I love Java, especially Java 8. But as the article points out, what frustrates me is threading. You can't do much without quickly running into threading issues. I played audio files in a game I made and it created up to 2,000 threads and crashed. Once I wrapped audio in an explicitly created thread this issue magically went away. Any kind of UI, timers, file I/O and network activity also involves threads.
The really horrible thing about these threads in Java is how hard it is to not share memory across them, because if you do terrible things happen. In other platforms you don't have to involve threads unless you want to, and you definitely aren't boxed into a situation where it becomes easy to accidentally share memory across theads.
I like Go's way of handling this. node.js is single threaded but the event loop makes it possible to do non-blocking IO without crazy Jave thread issues. Using synchronized, atomic properties and locks is not the right way to do these things as your code gets really complicated when trying to do basic things.

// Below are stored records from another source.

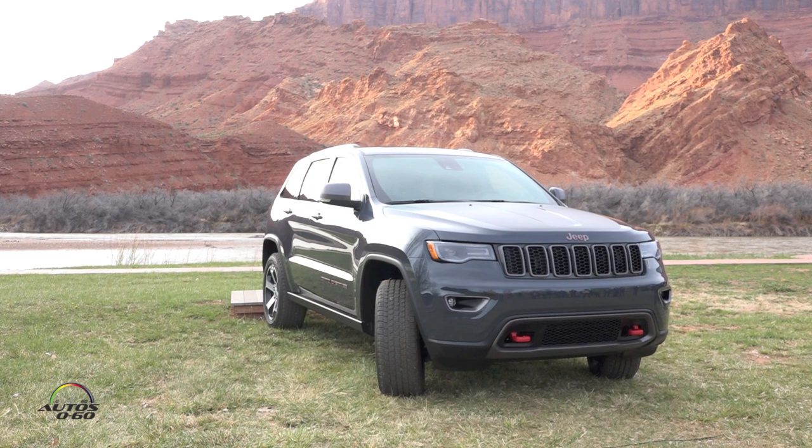This is the new 2017 Trailhawk for the Grand Cherokee that we've brought back. It gets the new front fascia that we saw on the 75th Anniversary edition, and it follows in line with our other Trailhawk vehicles.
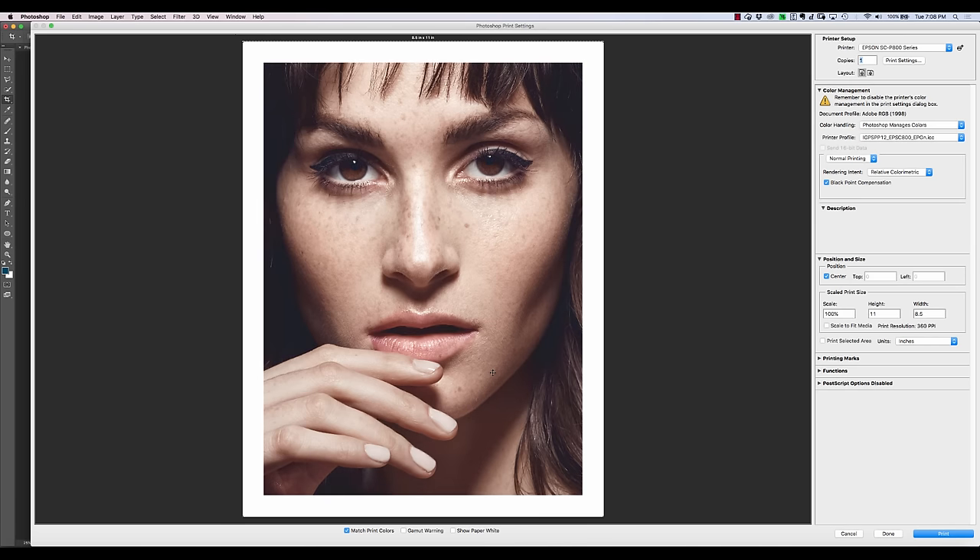Once I select that profile, you'll notice the image is going to change, giving you a preview of how that's going to look when it prints out — that's by selecting Match Print Colors. In order for this representation to be accurate, you have to have a properly color calibrated monitor. To do that, you need a calibration device. If you've got a high-end monitor like an Eizo, it has built-in color calibration. Otherwise, you can buy a separate one — they're anywhere from $100 to $200, work really well, and are easy to set up. It's very important if you're doing printing or sending off to a printing press.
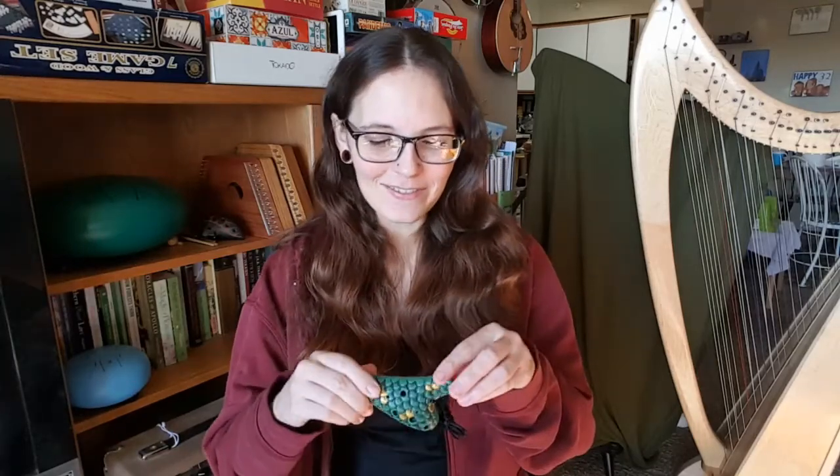Hello everybody and welcome back to my channel. Today I am doing a review of one of the cutest ocarinas I have. This is STL's Siren Ocarina. It is an alto ocarina but it's an alto A, so it's pretty high. Being in the key of A, it does get up pretty high, but it's also a really fun key.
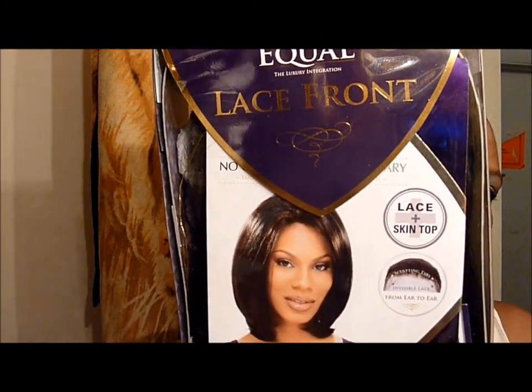Hey ladies, I'm coming to you real quick. I have an oldie but a newbie for me — it's the Features Equal lace front wig, Lady Michelle, in a 1B. There are quite a few reviews on this wig out here on YouTube, but I figured I'd share my opinion of it. I've had it for a while and I haven't taken it out of the pack until just now.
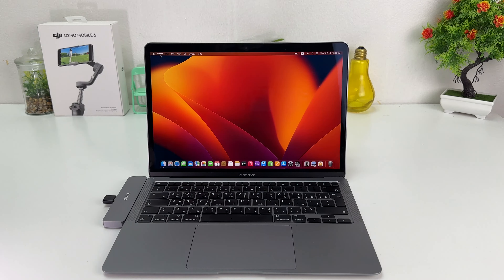Hello and welcome back to my another tutorial. In this tutorial I am going to share with you how to set up Touch ID in your MacBook Air M1. So let's take a look at how to do that.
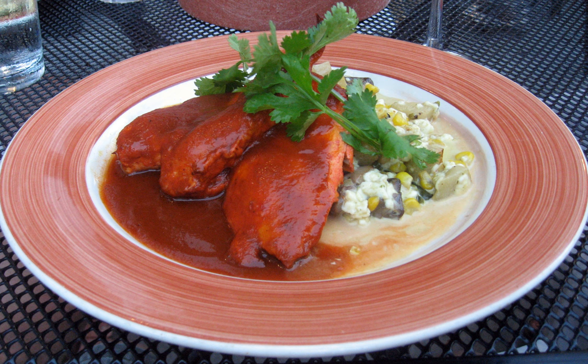In New Mexico, carne adobada is a baked meat dish that is a specialty in New Mexican cuisine. In its simplest form, raw pork is cut into strips or cubes and placed in a large plastic bag with New Mexico red chili powder or minced red chili peppers, garlic, oregano, cumin, lime,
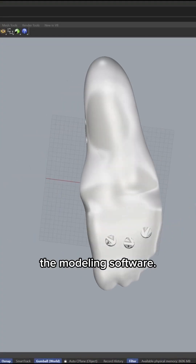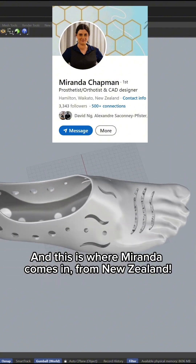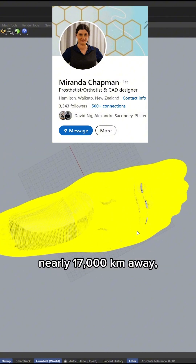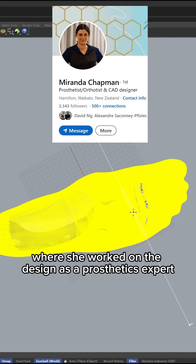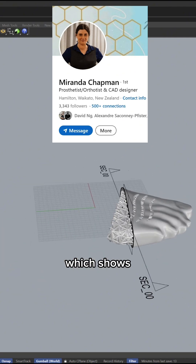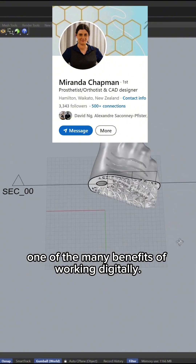Next we moved into Rhino, the modeling software, and this is where Miranda comes in from New Zealand. I captured a scan in Berlin and sent it to her nearly 17,000 kilometers away, where she worked on the design as a prosthetics expert without ever meeting Sydney in person — which shows one of the many benefits of working digitally.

That gets me to my other pet peeve with Java. Just how much boiler plate there is to do basic things like opening up encrypted TLS TCP connections. Tons of cruft.
Anyway, having said that, I love Java and use it, but these things need addressing. I like Scala's Akka, I hope Java comes around and improves the horrible thread situation. I will have to check out Quasar. I know I just need to become more familiar with threading in Java in general. I'm actually pretty new to Java.
Sounds like it's the implementation of the audio library using thread in the wrong way. Has nothing to do with threading in Java. Nodes could have the problem of starving the audio playback if other parts of your code hogging too long of processing time. It's just shifting the problem around.
What's great about java is the number of libs out there for this. You don't have to use native java threads in this day and age with things like akka out there.
I find akka's java interface amazing to work with (yeah it's a bit odd in some parts)
You could also get used to thread pools and executors.
There is nothing wrong with Java Threads, it gives you low-level access which can be complicated and cumbersome but, when mastered, can be powerful. I believe that Akka uses Java Threads underneath the covers.
Using synchronized, atomic properties and locks is not the right way to do these things as your code gets really complicated when trying to do basic things.
One point being made in the op is that you don't have to. Of course, you may be constrained by how the libraries you want to use are structured, but I don't think this is necessarily the case. What if you used the op author's actor framework?
> basic things like opening up encrypted TLS TCP connections
IIRC that's sort of a special-case: It's painful because the designers wanted to weave-in policies and integration with sys-admin stuff on the host OS. There's an impedance mismatch between how Enterprise IT wants to handle that versus what a lone-developer would like to create.
There's plenty of stuff like this, though, in the JDK and in third-party libraries. Think about how much effort it takes to read the contents of a file into a string!
I don't think this is a fatal flaw, just a reflection of the attitudes and priorities the founders of Java. Concision for small tasks just wasn't seen as important. I don't think it was until the generation of scripting languages like Python and Ruby (and that other one, the moustache guy's one) came along that benefits of having a comfortable raft of easy ways to do small things became clear.
Java is far and away my favourite language, but even i'm embarrassed that it took until Java 7 to get a standard way to compare two possibly null variables for equality.
Go makes it even harder not to share mutable memory, as it has no 'final'. But if you read the whole article you'll see that Java now has lightweight threads with cheap blocking - just like Go or Erlang.
The really horrible thing about these threads in Java is how hard it is to not share memory across them, because if you do terrible things happen. In other platforms you don't have to involve threads unless you want to, and you definitely aren't boxed into a situation where it becomes easy to accidentally share memory across theads.
I like Go's way of handling this. node.js is single threaded but the event loop makes it possible to do non-blocking IO without crazy Jave thread issues. Using synchronized, atomic properties and locks is not the right way to do these things as your code gets really complicated when trying to do basic things.
That gets me to my other pet peeve with Java. Just how much boiler plate there is to do basic things like opening up encrypted TLS TCP connections. Tons of cruft.
Anyway, having said that, I love Java and use it, but these things need addressing. I like Scala's Akka, I hope Java comes around and improves the horrible thread situation. I will have to check out Quasar. I know I just need to become more familiar with threading in Java in general. I'm actually pretty new to Java.